Bellissimo articolo, se può rincuorare i lettori … sono una psicoterapeuta, felicemente sposata. Ad un certo punto scopro di avere un serio problema di salute, entro in crisi. Nello stesso periodo, una persona a me molto vicina da anni mi confessa di avere da anni un debole per me, proprio quella persona che per anni avevo tenuto a distanza perchè la avvertivo come una “minaccia”. E cosí, inizia una intensa storia passionale, salvo poi accorgermi dopo pochi mesi che si trattava di un narcisista. La mia formazione mi è stata utile per mettere a fuoco la sua struttura di personalità e ciò che mi stava accadendo, ma sono comunque dovuta passare per il dolore e la sofferenza del riuscire a chiudere questa persona fuori dalla mia vita.
Non pensate di essere “deboli” se incappate in un narcisista … è successo a me che ne vedo cosí tanti a studio! Eppure ci si può sentire intrappolati con loro, ma se ne può uscire.

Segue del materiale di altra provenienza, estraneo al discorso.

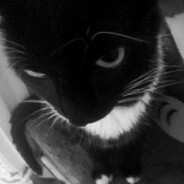 Ayux avatar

Si può fare… ma richiede tempo e tanto coraggio!
È mai possibile che questi poveretti sono destinati all infelicita’! Non c è guarigione per loro?
dipende dal livello di gravità.
Una spiegazione davvero illuminante, complimenti per la semplicità e l’accuratezza. C’è tutto quello che serve per capire questo disturbo. Tutto torna leggendo questo bellissimo articolo. Complimenti davvero!
buongiorno sto vivendo una storia da 4 e mezzo di tira e molla con un narcisista covert, non riesco a capire cosa prova perche e’ molto sincera quando mi scarta per il suo migliore(forse )amico che in questultimo scarto mi ha detto che crede di essere innamorata ma io ci credo veramente poco perche’ sta facendo anche con lui la stessa cosa.
ogni 4/5 mesi torna da me e si sta benissimo ma solo quando torna lui la nostra relazione va all’aria.
sottolineo che quando siamo insieme facciamo tutto insieme e mi da in mano anche le sue bambine ecc ecc.
posso capire cosa devo fare?
in 5 giorni ha cambiato 5 volte la versione, e mi ha reso un po instabile.mi ha detto che non tornera’ piu e doi farli vivere la sua vita come meglio crede.ho bisogno di un consiglio. p.s. premetto che in passato mi aveva detto che avrebbe fatto anche un percorso terapeutico che poi e’ andato nel dimenticatoio.
Sto vivendo da 5 anni una relazione con un narcisista covert. Articoli, letture, video trovati in rete mi hanno fatto diventare consapevole non solo di chi e’ lui, ma soprattutto di chi sono io e del perché sono riuscita a farmi agganciare da un uomo con queste caratteristiche. Non ho interrotto la nostra relazione, ma prima o poi so che ci riusciro’. E’ molto importante riportare l’ attenzione su di noi e sui nostri di traumi, che hanno permesso a questi soggetti di legarci a loro, esattamente come e’ descritto dalla Dottoressa. E’ importante lavorare su di noi, una volta che capiamo di essere finite dentro ad una relazione abusante.